Mis-skilling differs from deskilling, in which an existing skill erodes, and from never-skilling, in which a skill never develops. Mis-skilling is the more insidious of the three because the learner experiences themselves as learning. Confidence grows alongside the error. The risk is highest when AI is consulted for tasks the learner cannot yet evaluate independently, since the absence of an internal benchmark removes the friction that would otherwise surface the AI's mistake. Mitigation rests on the same practices that mitigate automation bias: the learner constructs their own answer first, asks the AI for alternatives rather than a single recommendation, and seeks faculty or peer review when working at the edge of their competence.
Sources
- Abdulnour, R.-E. E., Gin, B., & Boscardin, C. K. (2025).
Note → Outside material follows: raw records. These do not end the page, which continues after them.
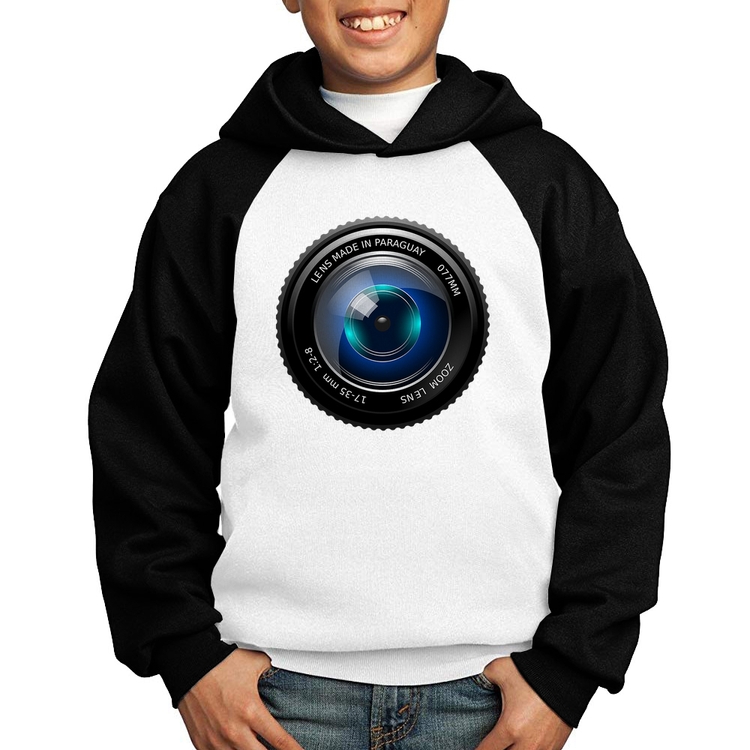 Moletom Infantil Lente Câmera - Branco/Preto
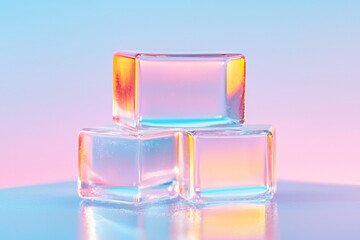Fototapete - A detailed macro shot focusing on the edges of stacked, semi-transparent cubes, highlighting their luminescent lines and crisp angles,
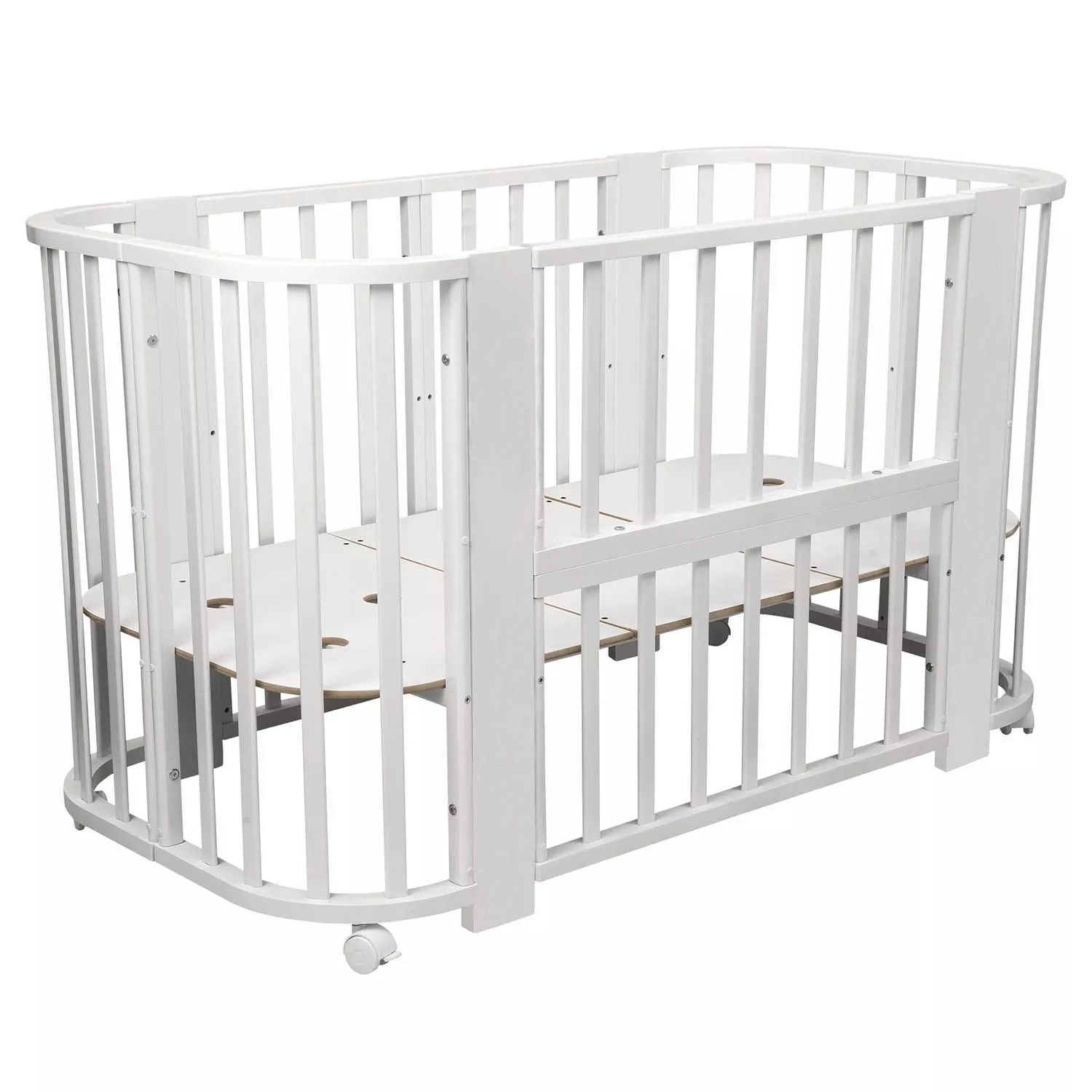 Кровать-трансформер Indigo Baby Line 5 в 1, поперечный маятник, белый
Educational strategies for clinical supervision of artificial intelligence use. New England Journal of Medicine, 393(8), 787–799. https://doi.org/10.1056/NEJMra2503232 DOI
Related Keywords
Never-Skilling
RiskThe failure of a learner to develop a foundational clinical skill because AI performed the work during the period when the skill would otherwise have been built.
Definition
Never-skilling is the failure of a learner to acquire a foundational clinical skill because AI performed the relevant work during the developmental window. The skill never enters the learner's repertoire. A resident who consistently relies on an LLM to generate differentials, a student who has an AI summarize every paper they cite, or a trainee whose notes are always AI-drafted may complete training without ever having built the underlying capacity to do those things independently.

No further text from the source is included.